Dergideki yazı, Suriye'nin kuzeydoğusunda 4 yıl önce "koruyucular" olarak sevinçle karşılanan Amerikan askerlerinin geçen hafta bölgeden çekildiklerinin hatırlatılmasıyla başlıyor. Öfkeli Kürtlerin onların zırhlı araçlarına taşlar ve domatesler attığı, birinin "Fareler gibisiniz" diye bağırdığı belirtiliyor.
Economist'e göre Amerika'nın çekilmesi, "Türkiye'nin işgalinin ve Kürt milis gücü YPG'yi bölgeden uzaklaştırmasının" önünü açtı.

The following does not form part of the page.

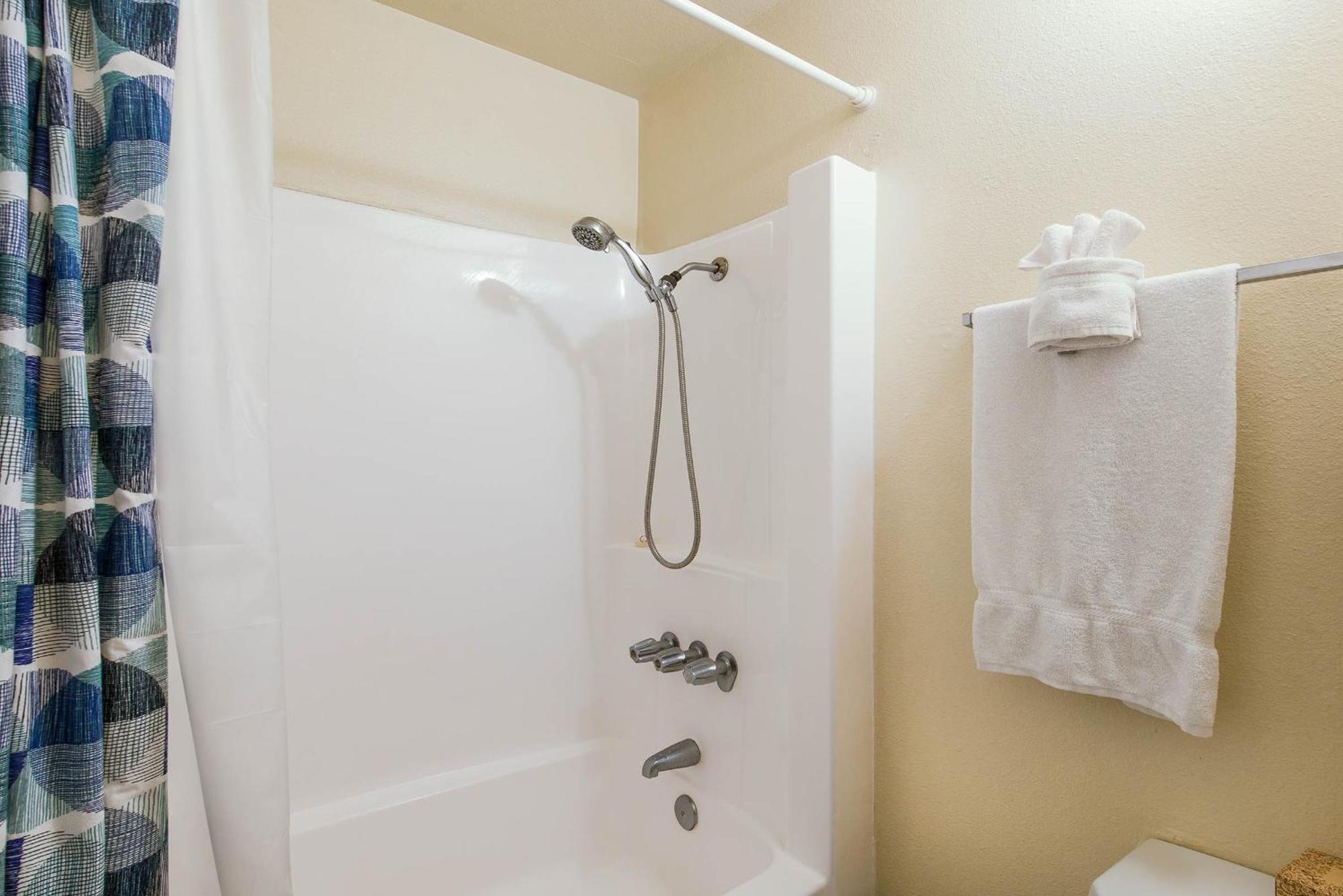 2 Bedroom Condominium #1101,1559382610:JPEG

"Türkiye'nin işgali Kürtlerin özerkliği için öldürücü bir darbeydi" diyen dergi, YPG'nin de "Suriye'nin diktatörü Beşar Esad'dan koruma istemekten" başka çaresinin kalmadığını kaydediyor.
"Rusya, 3 haftadan kısa bir sürede Sayın Esad'ın, Suriye'nin kuzeydoğusunun büyük kısmını geri almasına yardımcı oldu. Uzlaştırıcı bir rol oynadı ve Türkiye ile NATO müttefiki Amerika arasındaki yarayı derinleştirdi. Sayın Putin bir kez daha Amerika'nın yanlışlarından avantaj sağlamakta usta olduğunu kanıtladı. Amerika yıllardır Suriye konusunda bocalıyor. Sayın Putin ise tam aksine Sayın Esad'ı kararlılıkla destekledi. Sonuçta Suriye'de en fazla söz sahibi lider ve bölgede büyük bir siyasi ağırlığa sahip oldu."
"Sayın Erdoğan'ın da memnun olduğuna şüphe yok. NATO'nun en büyük ikinci ordusu beklendiği gibi hafif silahlı YPG'ye üstünlük sağladı. Bir hafta süren savaş ve birkaç ateşkes anlaşması Suriye'deki Kürt proto-devletini yakıp kül etti. Ancak Erdoğan nihai bir zafer kazanmadı. Türkiye, Irak sınırından Fırat Nehri'ne uzanan 440 kilometre uzunluğunda bir alanda, tampon bölge oluşturmayı hedeflemişti. Şimdi bunun üçte birine sahip. Rusya'yla vardığı anlaşma da, Suriye rejimine, kalan Kürt bölgelerini geri alma izni veriyor."